### Try it
Repeat all of the material exactly, with no line missing.

### Data supplied
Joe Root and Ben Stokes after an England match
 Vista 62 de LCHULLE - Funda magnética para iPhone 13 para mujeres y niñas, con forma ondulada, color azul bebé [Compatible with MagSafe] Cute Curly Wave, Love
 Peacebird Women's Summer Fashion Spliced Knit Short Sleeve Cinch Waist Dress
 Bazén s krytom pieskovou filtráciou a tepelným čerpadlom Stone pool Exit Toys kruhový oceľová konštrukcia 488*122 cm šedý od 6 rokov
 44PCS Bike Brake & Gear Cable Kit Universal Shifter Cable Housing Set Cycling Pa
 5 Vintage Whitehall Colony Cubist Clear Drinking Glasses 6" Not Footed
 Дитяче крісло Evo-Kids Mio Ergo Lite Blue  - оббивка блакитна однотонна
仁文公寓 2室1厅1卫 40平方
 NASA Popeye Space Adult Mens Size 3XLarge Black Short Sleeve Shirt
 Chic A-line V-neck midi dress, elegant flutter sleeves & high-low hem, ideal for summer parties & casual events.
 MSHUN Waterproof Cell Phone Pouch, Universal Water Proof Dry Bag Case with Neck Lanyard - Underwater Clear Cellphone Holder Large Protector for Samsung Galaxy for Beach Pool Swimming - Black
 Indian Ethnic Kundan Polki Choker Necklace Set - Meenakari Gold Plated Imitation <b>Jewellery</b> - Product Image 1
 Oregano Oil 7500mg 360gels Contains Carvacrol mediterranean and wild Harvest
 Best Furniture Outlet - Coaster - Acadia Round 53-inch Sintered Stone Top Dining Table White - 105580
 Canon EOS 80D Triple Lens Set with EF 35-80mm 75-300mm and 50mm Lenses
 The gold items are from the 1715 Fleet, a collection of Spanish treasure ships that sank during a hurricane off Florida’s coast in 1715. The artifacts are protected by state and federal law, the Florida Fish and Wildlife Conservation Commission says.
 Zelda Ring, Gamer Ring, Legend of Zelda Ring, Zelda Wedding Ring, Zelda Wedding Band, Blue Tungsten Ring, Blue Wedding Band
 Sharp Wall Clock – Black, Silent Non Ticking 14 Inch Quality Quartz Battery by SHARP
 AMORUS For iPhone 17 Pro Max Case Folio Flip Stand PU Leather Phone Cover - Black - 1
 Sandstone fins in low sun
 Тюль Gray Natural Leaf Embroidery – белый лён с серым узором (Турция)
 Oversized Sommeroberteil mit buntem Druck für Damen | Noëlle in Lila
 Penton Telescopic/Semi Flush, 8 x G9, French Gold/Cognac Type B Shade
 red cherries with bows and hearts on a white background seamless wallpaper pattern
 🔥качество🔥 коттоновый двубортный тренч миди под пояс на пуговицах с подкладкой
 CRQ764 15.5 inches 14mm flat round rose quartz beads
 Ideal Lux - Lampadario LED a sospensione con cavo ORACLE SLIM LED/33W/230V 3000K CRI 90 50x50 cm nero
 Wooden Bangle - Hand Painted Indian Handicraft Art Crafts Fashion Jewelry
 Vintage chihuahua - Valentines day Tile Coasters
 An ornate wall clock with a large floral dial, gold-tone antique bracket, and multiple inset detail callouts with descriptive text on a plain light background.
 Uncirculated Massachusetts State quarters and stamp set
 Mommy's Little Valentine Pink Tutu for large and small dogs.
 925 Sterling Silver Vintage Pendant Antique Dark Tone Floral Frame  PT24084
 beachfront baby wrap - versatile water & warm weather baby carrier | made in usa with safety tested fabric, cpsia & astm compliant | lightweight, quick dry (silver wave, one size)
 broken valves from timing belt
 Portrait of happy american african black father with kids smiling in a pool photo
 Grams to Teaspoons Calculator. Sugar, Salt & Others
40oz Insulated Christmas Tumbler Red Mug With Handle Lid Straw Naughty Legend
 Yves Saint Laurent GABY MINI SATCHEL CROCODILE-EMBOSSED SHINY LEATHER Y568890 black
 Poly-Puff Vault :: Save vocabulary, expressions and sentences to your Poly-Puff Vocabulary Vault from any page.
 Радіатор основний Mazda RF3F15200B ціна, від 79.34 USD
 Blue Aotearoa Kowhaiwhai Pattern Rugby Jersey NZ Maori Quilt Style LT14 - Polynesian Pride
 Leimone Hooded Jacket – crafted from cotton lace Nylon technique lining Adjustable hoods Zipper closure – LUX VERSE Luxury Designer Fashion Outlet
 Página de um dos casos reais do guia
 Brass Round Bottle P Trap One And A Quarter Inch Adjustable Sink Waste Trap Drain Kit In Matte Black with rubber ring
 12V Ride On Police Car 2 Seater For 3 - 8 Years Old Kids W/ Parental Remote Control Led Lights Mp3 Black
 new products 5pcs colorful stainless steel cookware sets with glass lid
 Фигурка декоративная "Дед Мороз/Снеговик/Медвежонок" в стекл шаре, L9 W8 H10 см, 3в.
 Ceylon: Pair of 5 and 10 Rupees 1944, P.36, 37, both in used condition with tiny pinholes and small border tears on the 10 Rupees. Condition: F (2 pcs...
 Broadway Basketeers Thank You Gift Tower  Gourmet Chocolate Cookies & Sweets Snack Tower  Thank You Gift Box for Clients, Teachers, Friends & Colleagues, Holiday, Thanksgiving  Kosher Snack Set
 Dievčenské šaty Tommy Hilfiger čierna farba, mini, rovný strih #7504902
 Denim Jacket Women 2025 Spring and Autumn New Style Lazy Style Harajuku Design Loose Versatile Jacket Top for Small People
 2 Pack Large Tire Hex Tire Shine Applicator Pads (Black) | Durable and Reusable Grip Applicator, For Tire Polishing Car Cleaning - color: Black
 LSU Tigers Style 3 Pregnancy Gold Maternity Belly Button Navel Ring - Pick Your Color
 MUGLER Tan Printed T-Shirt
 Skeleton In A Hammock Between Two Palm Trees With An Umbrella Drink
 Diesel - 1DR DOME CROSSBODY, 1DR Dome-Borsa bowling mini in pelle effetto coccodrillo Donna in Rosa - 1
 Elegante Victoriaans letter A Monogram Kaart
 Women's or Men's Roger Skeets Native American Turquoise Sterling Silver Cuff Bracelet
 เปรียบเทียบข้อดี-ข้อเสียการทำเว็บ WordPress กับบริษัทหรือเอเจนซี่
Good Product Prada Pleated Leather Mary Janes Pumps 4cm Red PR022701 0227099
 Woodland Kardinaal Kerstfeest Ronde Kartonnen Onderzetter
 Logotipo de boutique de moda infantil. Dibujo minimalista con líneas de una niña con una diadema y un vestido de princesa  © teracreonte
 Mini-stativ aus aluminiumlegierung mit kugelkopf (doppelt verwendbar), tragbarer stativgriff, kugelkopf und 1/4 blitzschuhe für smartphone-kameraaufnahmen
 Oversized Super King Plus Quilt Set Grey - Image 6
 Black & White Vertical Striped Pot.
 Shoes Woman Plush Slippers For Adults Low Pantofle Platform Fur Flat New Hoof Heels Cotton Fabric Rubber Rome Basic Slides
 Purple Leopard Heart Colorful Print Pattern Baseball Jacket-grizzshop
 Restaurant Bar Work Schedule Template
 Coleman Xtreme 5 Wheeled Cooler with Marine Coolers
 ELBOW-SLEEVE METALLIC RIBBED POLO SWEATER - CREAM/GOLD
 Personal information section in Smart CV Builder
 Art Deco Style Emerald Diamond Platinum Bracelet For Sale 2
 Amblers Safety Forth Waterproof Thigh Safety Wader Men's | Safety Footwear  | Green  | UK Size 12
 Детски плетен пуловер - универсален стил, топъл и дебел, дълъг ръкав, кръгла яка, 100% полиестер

### Task answer
Joe Root and Ben Stokes after an England match
 Vista 62 de LCHULLE - Funda magnética para iPhone 13 para mujeres y niñas, con forma ondulada, color azul bebé [Compatible with MagSafe] Cute Curly Wave, Love
 Peacebird Women's Summer Fashion Spliced Knit Short Sleeve Cinch Waist Dress
 Bazén s krytom pieskovou filtráciou a tepelným čerpadlom Stone pool Exit Toys kruhový oceľová konštrukcia 488*122 cm šedý od 6 rokov
 44PCS Bike Brake & Gear Cable Kit Universal Shifter Cable Housing Set Cycling Pa
 5 Vintage Whitehall Colony Cubist Clear Drinking Glasses 6" Not Footed
 Дитяче крісло Evo-Kids Mio Ergo Lite Blue  - оббивка блакитна однотонна
仁文公寓 2室1厅1卫 40平方
 NASA Popeye Space Adult Mens Size 3XLarge Black Short Sleeve Shirt
 Chic A-line V-neck midi dress, elegant flutter sleeves & high-low hem, ideal for summer parties & casual events.
 MSHUN Waterproof Cell Phone Pouch, Universal Water Proof Dry Bag Case with Neck Lanyard - Underwater Clear Cellphone Holder Large Protector for Samsung Galaxy for Beach Pool Swimming - Black
 Indian Ethnic Kundan Polki Choker Necklace Set - Meenakari Gold Plated Imitation <b>Jewellery</b> - Product Image 1
 Oregano Oil 7500mg 360gels Contains Carvacrol mediterranean and wild Harvest
 Best Furniture Outlet - Coaster - Acadia Round 53-inch Sintered Stone Top Dining Table White - 105580
 Canon EOS 80D Triple Lens Set with EF 35-80mm 75-300mm and 50mm Lenses
 The gold items are from the 1715 Fleet, a collection of Spanish treasure ships that sank during a hurricane off Florida’s coast in 1715. The artifacts are protected by state and federal law, the Florida Fish and Wildlife Conservation Commission says.
 Zelda Ring, Gamer Ring, Legend of Zelda Ring, Zelda Wedding Ring, Zelda Wedding Band, Blue Tungsten Ring, Blue Wedding Band
 Sharp Wall Clock – Black, Silent Non Ticking 14 Inch Quality Quartz Battery by SHARP
 AMORUS For iPhone 17 Pro Max Case Folio Flip Stand PU Leather Phone Cover - Black - 1
 Sandstone fins in low sun
 Тюль Gray Natural Leaf Embroidery – белый лён с серым узором (Турция)
 Oversized Sommeroberteil mit buntem Druck für Damen | Noëlle in Lila
 Penton Telescopic/Semi Flush, 8 x G9, French Gold/Cognac Type B Shade
 red cherries with bows and hearts on a white background seamless wallpaper pattern
 🔥качество🔥 коттоновый двубортный тренч миди под пояс на пуговицах с подкладкой
 CRQ764 15.5 inches 14mm flat round rose quartz beads
 Ideal Lux - Lampadario LED a sospensione con cavo ORACLE SLIM LED/33W/230V 3000K CRI 90 50x50 cm nero
 Wooden Bangle - Hand Painted Indian Handicraft Art Crafts Fashion Jewelry
 Vintage chihuahua - Valentines day Tile Coasters
 An ornate wall clock with a large floral dial, gold-tone antique bracket, and multiple inset detail callouts with descriptive text on a plain light background.
 Uncirculated Massachusetts State quarters and stamp set
 Mommy's Little Valentine Pink Tutu for large and small dogs.
 925 Sterling Silver Vintage Pendant Antique Dark Tone Floral Frame  PT24084
 beachfront baby wrap - versatile water & warm weather baby carrier | made in usa with safety tested fabric, cpsia & astm compliant | lightweight, quick dry (silver wave, one size)
 broken valves from timing belt
 Portrait of happy american african black father with kids smiling in a pool photo
 Grams to Teaspoons Calculator. Sugar, Salt & Others
40oz Insulated Christmas Tumbler Red Mug With Handle Lid Straw Naughty Legend
 Yves Saint Laurent GABY MINI SATCHEL CROCODILE-EMBOSSED SHINY LEATHER Y568890 black
 Poly-Puff Vault :: Save vocabulary, expressions and sentences to your Poly-Puff Vocabulary Vault from any page.
 Радіатор основний Mazda RF3F15200B ціна, від 79.34 USD
 Blue Aotearoa Kowhaiwhai Pattern Rugby Jersey NZ Maori Quilt Style LT14 - Polynesian Pride
 Leimone Hooded Jacket – crafted from cotton lace Nylon technique lining Adjustable hoods Zipper closure – LUX VERSE Luxury Designer Fashion Outlet
 Página de um dos casos reais do guia
 Brass Round Bottle P Trap One And A Quarter Inch Adjustable Sink Waste Trap Drain Kit In Matte Black with rubber ring
 12V Ride On Police Car 2 Seater For 3 - 8 Years Old Kids W/ Parental Remote Control Led Lights Mp3 Black
 new products 5pcs colorful stainless steel cookware sets with glass lid
 Фигурка декоративная "Дед Мороз/Снеговик/Медвежонок" в стекл шаре, L9 W8 H10 см, 3в.
 Ceylon: Pair of 5 and 10 Rupees 1944, P.36, 37, both in used condition with tiny pinholes and small border tears on the 10 Rupees. Condition: F (2 pcs...
 Broadway Basketeers Thank You Gift Tower  Gourmet Chocolate Cookies & Sweets Snack Tower  Thank You Gift Box for Clients, Teachers, Friends & Colleagues, Holiday, Thanksgiving  Kosher Snack Set
 Dievčenské šaty Tommy Hilfiger čierna farba, mini, rovný strih #7504902
 Denim Jacket Women 2025 Spring and Autumn New Style Lazy Style Harajuku Design Loose Versatile Jacket Top for Small People
 2 Pack Large Tire Hex Tire Shine Applicator Pads (Black) | Durable and Reusable Grip Applicator, For Tire Polishing Car Cleaning - color: Black
 LSU Tigers Style 3 Pregnancy Gold Maternity Belly Button Navel Ring - Pick Your Color
 MUGLER Tan Printed T-Shirt
 Skeleton In A Hammock Between Two Palm Trees With An Umbrella Drink
 Diesel - 1DR DOME CROSSBODY, 1DR Dome-Borsa bowling mini in pelle effetto coccodrillo Donna in Rosa - 1
 Elegante Victoriaans letter A Monogram Kaart
 Women's or Men's Roger Skeets Native American Turquoise Sterling Silver Cuff Bracelet
 เปรียบเทียบข้อดี-ข้อเสียการทำเว็บ WordPress กับบริษัทหรือเอเจนซี่
Good Product Prada Pleated Leather Mary Janes Pumps 4cm Red PR022701 0227099
 Woodland Kardinaal Kerstfeest Ronde Kartonnen Onderzetter
 Logotipo de boutique de moda infantil. Dibujo minimalista con líneas de una niña con una diadema y un vestido de princesa  © teracreonte
 Mini-stativ aus aluminiumlegierung mit kugelkopf (doppelt verwendbar), tragbarer stativgriff, kugelkopf und 1/4 blitzschuhe für smartphone-kameraaufnahmen
 Oversized Super King Plus Quilt Set Grey - Image 6
 Black & White Vertical Striped Pot.
 Shoes Woman Plush Slippers For Adults Low Pantofle Platform Fur Flat New Hoof Heels Cotton Fabric Rubber Rome Basic Slides
 Purple Leopard Heart Colorful Print Pattern Baseball Jacket-grizzshop
 Restaurant Bar Work Schedule Template
 Coleman Xtreme 5 Wheeled Cooler with Marine Coolers
 ELBOW-SLEEVE METALLIC RIBBED POLO SWEATER - CREAM/GOLD
 Personal information section in Smart CV Builder
 Art Deco Style Emerald Diamond Platinum Bracelet For Sale 2
 Amblers Safety Forth Waterproof Thigh Safety Wader Men's | Safety Footwear  | Green  | UK Size 12
 Детски плетен пуловер - универсален стил, топъл и дебел, дълъг ръкав, кръгла яка, 100% полиестер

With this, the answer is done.